Tout d’abord, après lecture des procès-verbaux plus complets de Mme Thibout, on se rend compte que la rétractation n’est que très partielle. Elle a maintenu ses principales accusations, à savoir que Patrice de Maistre (le conseiller financier de Mme Bettencourt mère) lui a demandé des sommes en liquide pour financer la campagne présidentielle de Nicolas Sarkozy et qu’André et Liliane Bettencourt ont donné de l’argent à des personnalités politiques.
380 000 euros en espèces
Le témoignage de l’ex-comptable a été conforté, hier, par celui de l’ancienne secrétaire d’André Bettencourt (décédé le 19 novembre 2007), Mme Chantal Trovel. Selon le site de l’hebdomadaire Le Point, Mme Trovel a expliqué à la police judiciaire que son patron donnait de l’argent à des politiciens. Comme Mme Thibout, elle n’a pas vu la transmission des enveloppes « en direct » mais l’ancienne secrétaire assure que « tout le personnel était au courant ».
Enfin, un autre hebdomadaire, Marianne qui paraît ce jour, s’est procuré les fameux carnets de l’ex-comptable de Mme Bettencourt.

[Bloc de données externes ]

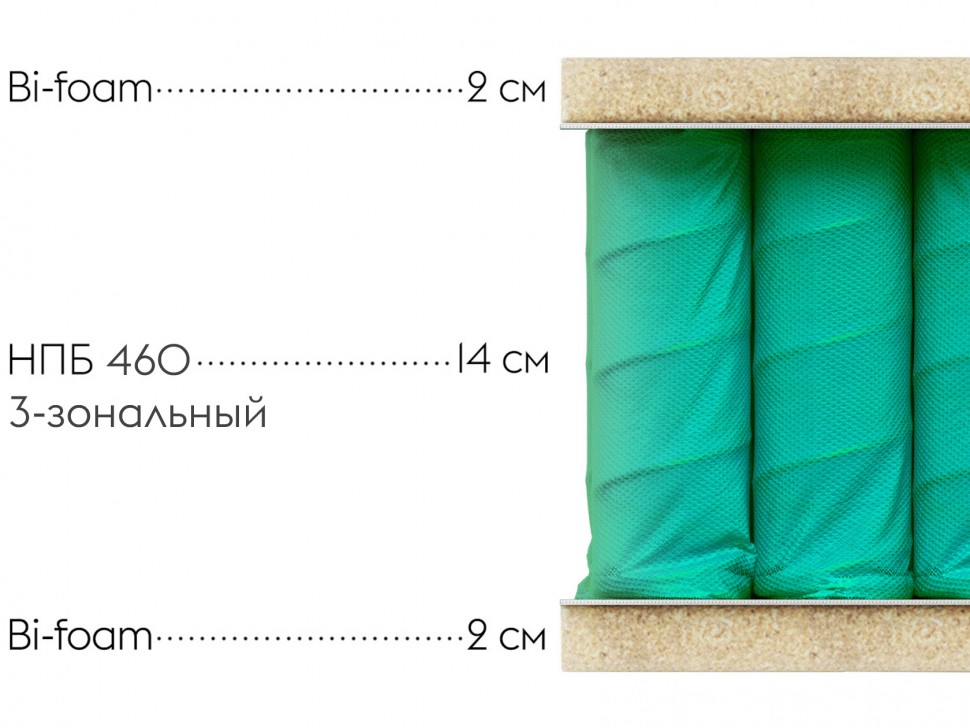 Матрас Лайт 18 / Lite 18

Il révèle que, durant les quatre mois précédant l’élection de Nicolas Sarkozy, 380 000 euros ont été retirés en espèce du compte que possède Mme Liliane Bettencourt à la BNP de Paris.
Pluie de procès-verbaux
L’un des épisodes les plus révélateurs de cette affaire d’Etat consiste en cette guerre des procès-verbaux à laquelle se livrent les médias et, au-delà, deux clans qui semblent s’opposer au sommet de l’appareil politico-judiciaire.
Jeudi, Le Figaro (quotidien progouvernemental) reçoit deux heures (!) après l’audition de l’ex-comptable Claire Thibout, certains extraits de procès-verbaux tirés de cet interrogatoire. Il s’agit des passages (certains sont dûment surlignés) les plus favorables aux versions défendues par le pouvoir.
Peu après, c’est au tour du Monde, proche de l’opposition, de recueillir d’autres extraits des procès-verbaux, mais qui, cette fois-ci, se montrent plus défavorables à la thèse défendue par l’Elysée. Puis, d’autres médias sont arrosés par des documents de même nature.
Enquête sous contrôle
Habituellement, ce genre de fuite est organisé par les plaignants et les inculpés, voire par leurs avocats. Dans le cas présent, ces parties ne sont pas en mesure de diffuser ces procès-verbaux. En effet, l’affaire Woerth-Bettencourt se développe sous le régime de l’« enquête préliminaire » menée par la police judiciaire sous la direction du procureur de la République de Nanterre, Philippe Courroye. Dans ce genre de procédure, les parties et les avocats n’ont pas accès au dossier.
Dès lors, les procès-verbaux prennent le chemin suivant. Les policiers les transmettent au procureur qui les communique ensuite à un organe du Ministère de la justice, la Direction générale des affaires criminelles qui tient au courant la ministre Michèle Alliot-Marie, puis l’Elysée.
Les fuites ne peuvent provenir que de cette chaîne. Comme il est peu probable que des policiers prennent l’initiative de balancer de tels documents à la presse, il est raisonnable de penser que ces fuites sont organisées au plus haut niveau de cet appareil politico-judiciaire. Les « arrosages » se révélant tantôt favorables, tantôt défavorables à la thèse de l’Elysée, on peut en déduire l’existence de deux clans opposés. Cette analyse a été jugée « très plausible » par plusieurs de nos confrères parisiens.